Hintergrund ist, dass die zahlreichen Achsprüfungen der mehr als 130 ICE-3- und ICE-T-Züge entgegen den Hoffnungen der Bahn AG auch nach dem Wochenende den Betriebsablauf erheblich stören werden. In der zu Ende gehenden Woche war es zu häufigen Zugausfällen gekommen, weil die Züge rund um die Uhr wegen verkürzter Prüfintervalle in die Werkstatt mussten. Teils fiel die Hälfte des Platzangebots weg, auf einzelnen Verbindungen mussten Busse eingesetzt werden.
"Um einen zuverlässigen Fahrplan im Fernverkehr in nächster Zeit noch sicherstellen zu können, brauchen wir von den ICE-Herstellern endlich klare und verbindliche Aussagen über die Haltbarkeit und Prüfintervalle der ICE-Achsen", zitierte eine Bahnsprecherin den Vorstandschef. Er hat nach Informationen der Nachrichtenagentur AP am Freitag mit den Spitzen der Hersteller Siemens und Bombardier gesprochen.
Siemens wies die Vorwürfe zurück. "Wir haben die Züge nach Stand der Technik und nach geltenden Normen gebaut. Von den Aufsichtsbehörden wurden die Züge so genehmigt", sagte eine Sprecherin des ICE-Konsortiums dem Rundfunksender hr-info.
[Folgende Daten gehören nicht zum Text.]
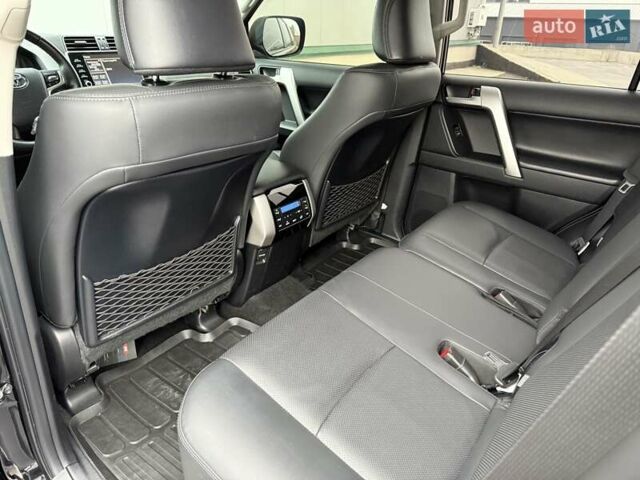 Черный Тойота Ленд Крузер Прадо, объемом двигателя 3.96 л и пробегом 69 тыс. км за 49700 $, фото 33 на Automoto.ua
Wenn die Bahn jetzt die fraglichen Typen aus dem Verkehr zieht, könnte sie die Einnahmeausfälle den Herstellern in Rechnung stellen. Diese hatten für die Achsen nach Bahn-Angaben Prüfintervalle von 480.000 Kilometern Laufleistung vorgesehen; nach dem Unfall mit einer gebrochenen Achse im Juli in Köln verfügte das Eisenbahn-Bundesamt jedoch die Intervalle auf 30.000 Kilometern.
Das erreichen die Züge etwa alle drei Wochen. "Es kann nicht so weiter gehen, dass wir hier ständig mit veränderten Fakten und Einschätzungen konfrontiert werden", wurde Mehdorn zitiert. "Die DB bemüht sich daher im Interesse unserer Kunden intensiv darum, so schnell wie möglich belastbare Aussagen der Industrie zu bekommen."